In our own system that means that the applicant has no right of appeal from an adjudicator's decision once a claim has been treated as exceptional. The quality of the first decision of course is the same for everyone, as Mrs Roche made clear before the committee. But when a case is certified the adjudicator's decision is final, except for the remote possibility of a successful judicial review. The judges of the IAT were very critical of the accelerated procedures. Mr Ockelton's describes the process. He said:

"The Secretary of State picks up certain types of cases and certifies that they are cases which for one reason or another are cases without merit. There is an appeal to an Adjudicator and if he agrees with the conditions of certification there is no appeal to the Tribunal and therefore, the alternative procedure of judicially reviewing the certificate, which is much more expensive and longer, takes place with, in a substantial minority of cases, the result that the certificate is set aside, and the matter . . . comes before the Tribunal. The effect of accelerating the procedure is to add several months and many hundreds of pounds to the cost of dealing with it".

That cannot make any sense. I hope that the Government will think again on this particular recommendation.

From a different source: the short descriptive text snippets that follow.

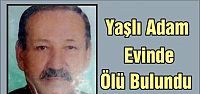 Yaşlı Adam Evinde Ölü Bulundu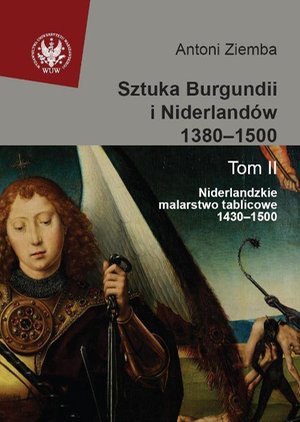 Sztuka Burgundii i Niderlandów 1380-1500. Tom II – ebook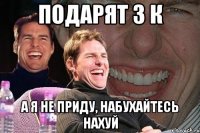 подарят 3 к а я не приду, набухайтесь нахуй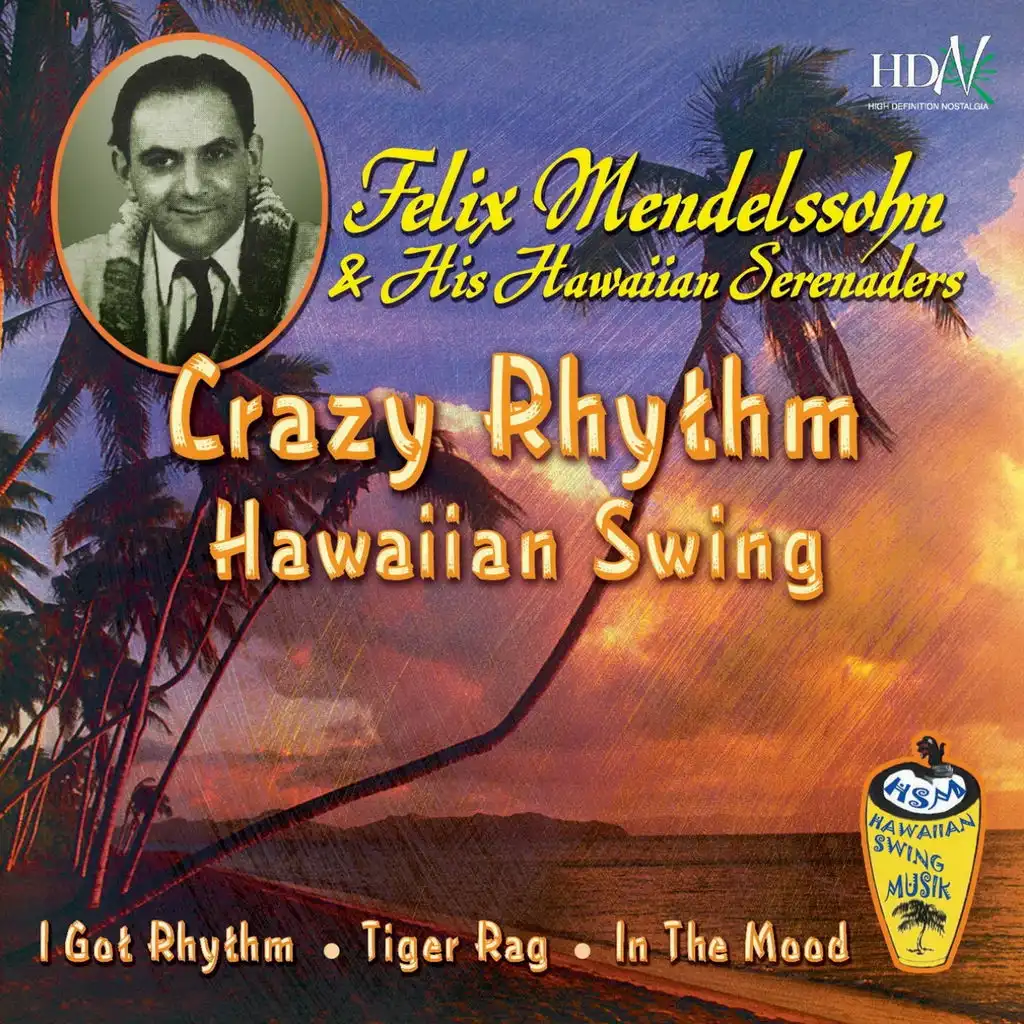Felix Mendelssohn and His Hawaiian Serenaders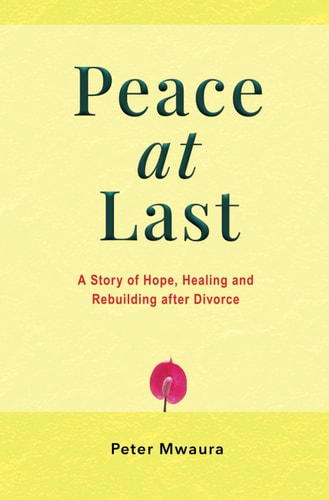 Peace at Last A Story of Hope, Healing and Rebuilding After Divorce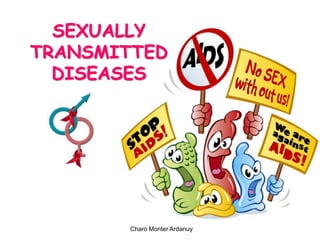 SEXUALLY
TRANSMITTED
DISEASES
Charo Monter Ardanuy
 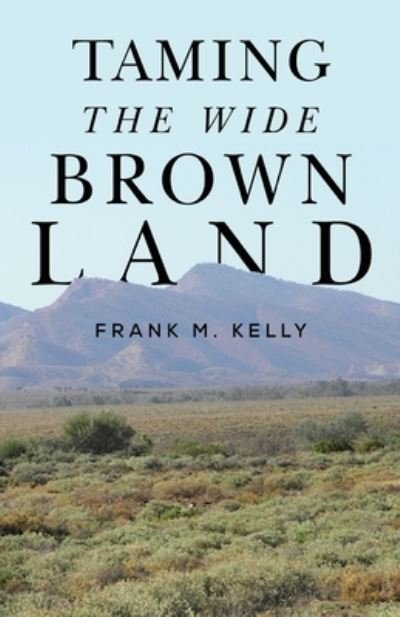 Cover for Frank M Kelly · Taming the Wide Brown Land (Paperback Book) (2021)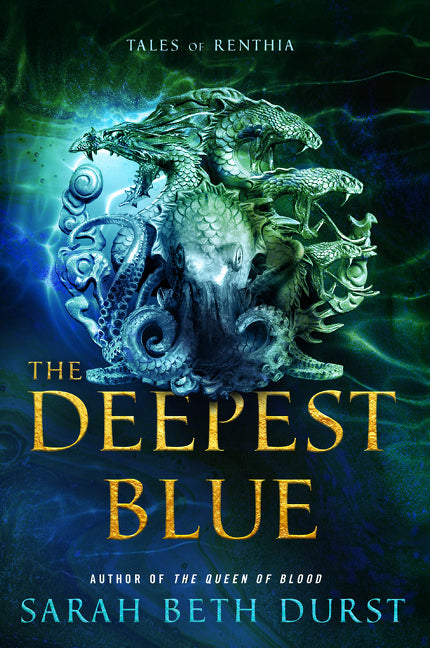 The Deepest Blue: Tales of Renthia -- Sarah Beth Durst, Paperback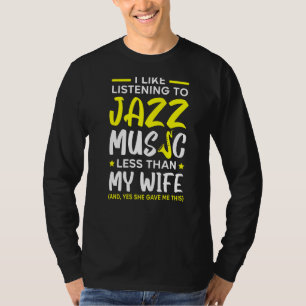 T-shirt J'Aime Écouter De La Musique Jazz Moins Que Ma Fem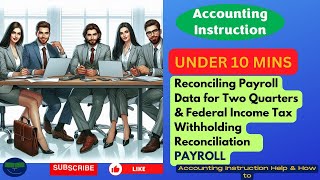 Reconciling Payroll Data for Two Quarters amp Federal Income Tax Withholding Reconciliation Payroll [upl. by Nnaeirrac948]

Finally, I raise a matter which has not been mentioned. The committee is critical of the directive's lack of clarity about the reasons for detention and the potential width of the grounds on which an applicant can lawfully be detained. The committee believes that Article 11 should make it clear that detention is only permissible when it is in accordance with Article 5 ECHR and UNHCR standards. It wants the directive to include a general statement on the presumption of liberty. I am sorry to note that the Government reject any references to the ECHR and UNHCR standards and they do not say anything at all about the presumption of liberty.

I asked in the recent debate on prisons when the Government were going to introduce Part III of the Immigration and Asylum Act 1999, which provides for routine bail hearings of people detained under the Immigration Act. I should be grateful if the Minister could reply to that question this evening.

At the end of May there were 1,144 Immigration Act detainees in our prisons. Although the noble Lord, Lord Rooker, told the House that under the Act no one would remain in prison by Christmas, the other day the Home Office announced that Dover Young Offender Institution was in the process of being converted to be used as a place in which Immigration Act prisoners were to be detained and that it was opening in January 2002. There is a little inconsistency between those two statements. On the one hand, they are going to close down all the prisons used for Immigration Act detainees by Christmas and on the other they are going to open a new one in January next year. I should be grateful if the Minister in his reply can explain that discrepancy.

We are most grateful to the noble and learned Lord, Lord Hope of Craighead, for an excellent report. This has been a very useful debate. I hope that before long we shall have an opportunity of setting this directive side by side with all the remaining ones and that before any of them become law in Europe we shall have the opportunity of debating them together.